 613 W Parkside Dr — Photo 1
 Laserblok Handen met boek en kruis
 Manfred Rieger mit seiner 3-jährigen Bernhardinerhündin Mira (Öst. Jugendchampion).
+ + +
WORK INSTRUCTIONS:
Make an exact copy of each line, beginning at the one containing "Laserblok Handen met boek en kruis" and ending with the last line of the data, and of no other line.

ANSWER TO THIS EXERCISE:
 Laserblok Handen met boek en kruis
 Manfred Rieger mit seiner 3-jährigen Bernhardinerhündin Mira (Öst. Jugendchampion).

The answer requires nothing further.